Gibt es ein Beschwerdemanagement an das sich Patienten und Angehörige wenden können (Patientenfürsprecher)?

Der Patient hat das Recht, sich mit Wünschen, Anregungen und Beschwerden in Angelegenheiten, die sie oder ihn selbst betreffen, an die ärztliche Leiterin oder den ärztlichen Leiter der Einrichtung und an die Senatorin für Wissenschaft, Gesundheit und Verbraucherschutz zu wenden. Der Patient hat im Rahmen der §§ 27, 28 und 29 das Recht, sich auch an andere Stellen zu wenden, die die Interessen von Patienten wahrnehmen. Ist ein Patient gehörlos, hochgradig hörbehindert oder stumm, so ist in Dolmetscher für die Gebärdensprache beizuziehen, sofern sich der Patient in dieser verständigen kann (§ 37).

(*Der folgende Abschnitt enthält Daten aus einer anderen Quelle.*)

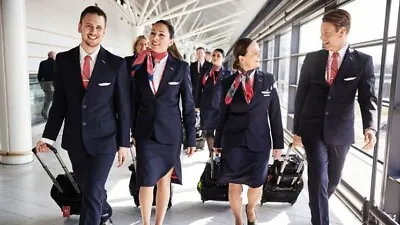 £20 • Buy Men's Airline Cabin Crew Uniform Jacket Norwegian - Size M, Barely Used 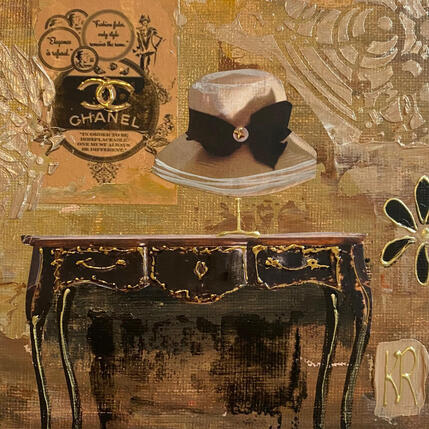 Peinture Chanelissime par Romanelli Karine | Tableau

Auch im Rahmen der Besuche einer Besuchskommission, sollen die Patienten die Möglichkeit haben, Wünsche und Beschwerden vorzutragen (§ 36).

Wurden Besuchskommissionen eingerichtet, um die Wahrnehmung der besonderen Aufgaben sicherzustellen?

Die Besuchskommission ist in § 23 vorgeschrieben; sie soll mindestens einmal jährlich die Einrichtungen besuchen. Zusammensetzung:

  • Ein Vertreter der Senatorin für Wissenschaft, Gesundheit und Verbraucherschutz
  • Ein Facharzt für Psychiatrie
  • Ein Vertreter aus dem Bereich der Kinder- und Jugendpsychiatrie
  • Ein Richter
  • Ein Mitarbeiter des Trägers der Hilfen und Schutzmaßnahmen aus Bremen bei Besuchen in der Stadtgemeinde Bremen oder ein Mitarbeiter des Trägers der Hilfen und Schutzmaßnahmen aus Bremerhaven bei Besuchen in der Stadtgemeinde Bremerhaven
  • Ein Vertreter des Landesverbandes der Psychiatrieerfahrenen e. V.
  • Ein Vertreter des Landesverbandes der Angehörigen psychisch kranker Menschen
  • Ein Vertreter der oder des Landesbehindertenbeauftragten der Freien Hansestadt Bremen

Werden Daten zur Unterbringung und zu Zwangsmaßnahmen erfasst?
Es werden derzeit keine Daten erhoben.